▶ **Supplied information**
BEGIN
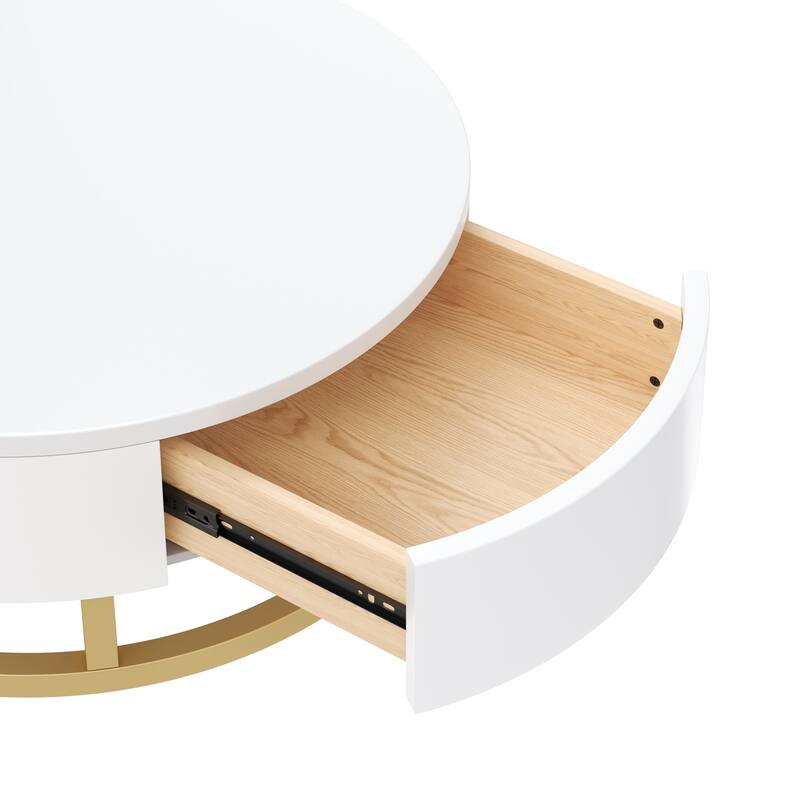 Modern Round Lift top Nesting Coffee Tables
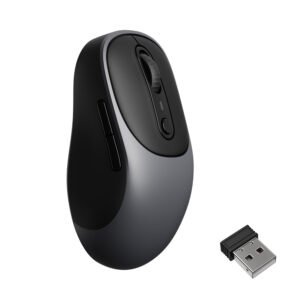 Keychron BM24 Wireless Silent Mouse - Metal Grey - TauTech South Africa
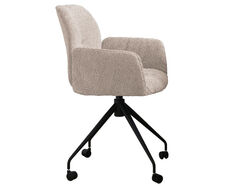 Chaise de réunion giratoire sur roulettes Moods'91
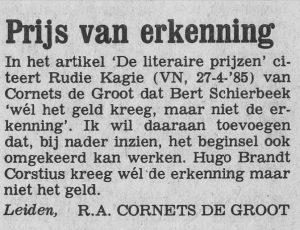 Facsimile van knipsel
END
▶ **Assigned task**
In your copy of the listing above, reproduce each line exactly and omit all pictures.

▶ **Solution to the exercise**
 Modern Round Lift top Nesting Coffee Tables
 Keychron BM24 Wireless Silent Mouse - Metal Grey - TauTech South Africa
 Chaise de réunion giratoire sur roulettes Moods'91
 Facsimile van knipsel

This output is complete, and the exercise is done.